DDIA cookbook - (4)Encoding
Kexin Tang

Compatibility

Morden software development will use rolling upgrade or staged rollout, which means deploying the new version to a few nodes at a time, checking whether the new version is bug free or not, then gradually upgrade all nodes.

And also we need to consider that our client may not install new version for some time.

So the new and old data formats, codes, policies will coexist in our system.

  • Backward compatibility → newer data can read data that written by older code
  • Forward compatibility → older data can read data that written by newer code

Encoding

In memory, we have various data structures like hash map, dictionary, vector, etc.

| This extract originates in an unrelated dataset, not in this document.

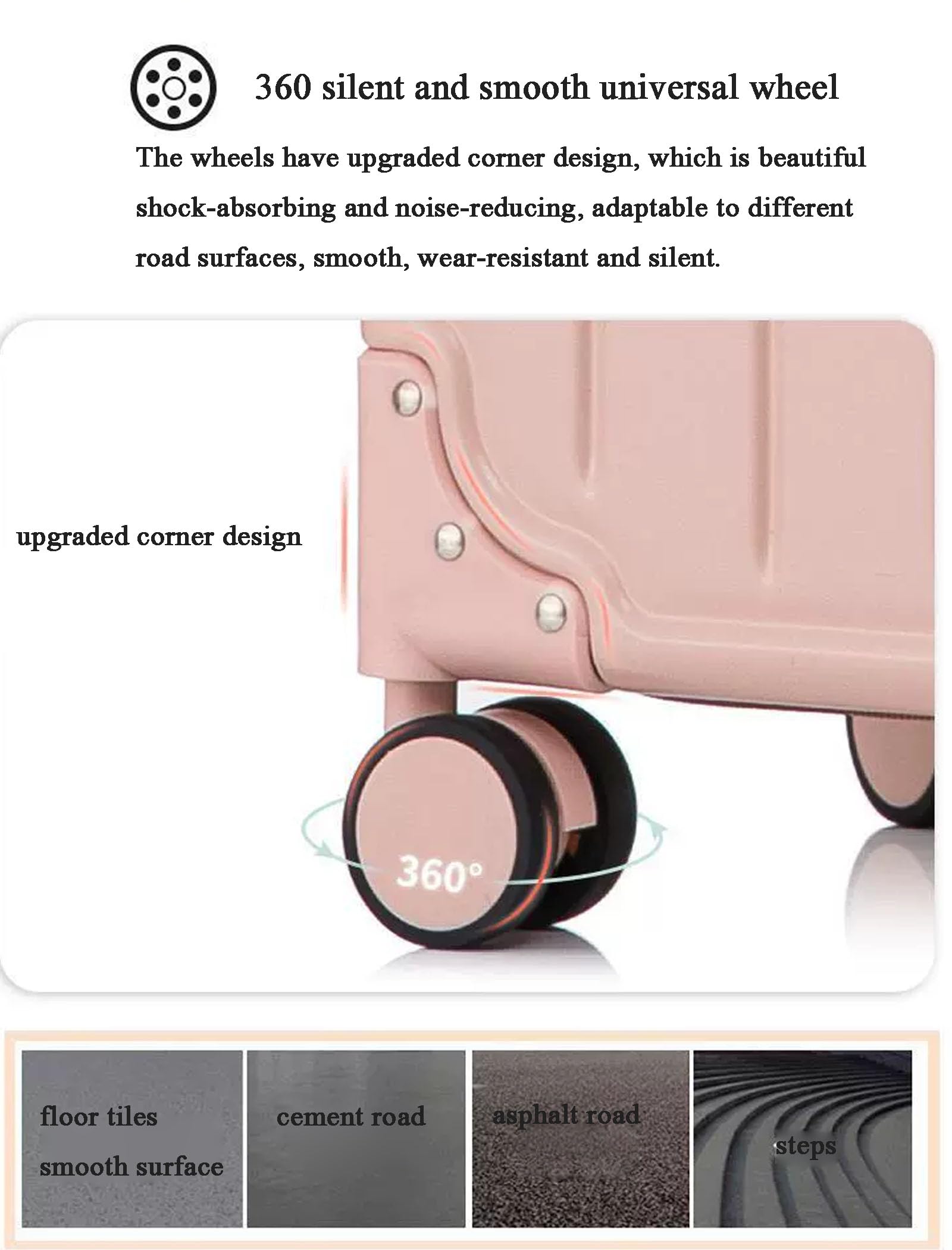 Hardside - Set di valigie da viaggio, 2 pezzi, 50,8 cm, trolley con serratura e custodia per cosmetici da 35,5 cm, resistente e leggero per un facile viaggio, bianco, 20in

But when we want to write data to a file or send it over network, we have to transform the complex data structure to simple sequence of bytes.

The process to transform data structure to bytes called encoding / serialization; the process to translate bytes to data structure called decoding / deserialization.

The problems are:

  • how can we encode / decode data to save time and space
  • how can we make the format be compatible

thrift and protobuf

They are binary encoding libraries that are based on the same principle. Both Thrift and Protocol Buffers require a schema for any data that is encoded.

1
2
3
4
5
struct Person {
1: required string userName,
2: optional i64 favoriteNumber,
3: optional list<string> interests
}
1
2
3
4
5
message Person {
required string user_name = 1;
optional int64 favorite_number = 2;
repeated string interests = 3;
}

Note: this format called Interface Defination Language(IDL).

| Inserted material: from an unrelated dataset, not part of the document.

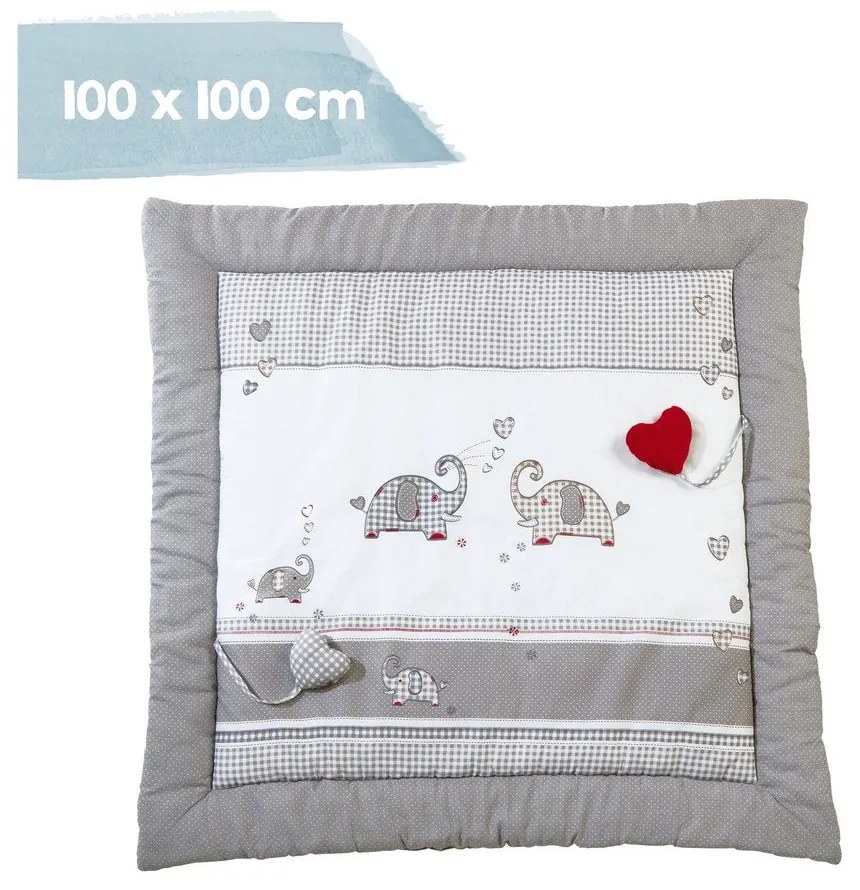 Biała/szara mata do zabawy dla dzieci 100x100 cm Jumbo twins – Roba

Field tags and schema evolution

Each field is identified by its tag number (the numbers 1, 2, 3 in the sample schemas) and annotated with a datatype (like int64, string, etc). You can change the name of a field in the schema, since the encoded data never refers to field names, but you cannot change a field’s tag, since that would make all existing encoded data invalid.

You can add new fields to the schema, provided that you give each field a new tag number and make it optional or has default value.

  • forward: If old code (which doesn’t know about the new tag numbers you added) tries to read data written by new code, including a new field with a tag number it doesn’t recognize, it can simply ignore that field. The datatype annotation allows the parser to determine how many bytes it needs to skip
  • backward: The new code can always read old data, because the tag numbers still have the same meaning. The only detail is that if you add a new field, you cannot make it required. If you were to add a field and make it required, that check would fail if new code read data written by old code, because the old code will not have written the new field that you added.

Removing a field is just like adding a field, you can only remove a field that is optional and you can never use the same tag number again.

The merits of schemas

  • They can be much more compact than the various “binary JSON” variants, since they can omit field names from the encoded data.s
  • The schema is a valuable form of documentation, and because the schema is required for decoding, you can be sure that it is up to date.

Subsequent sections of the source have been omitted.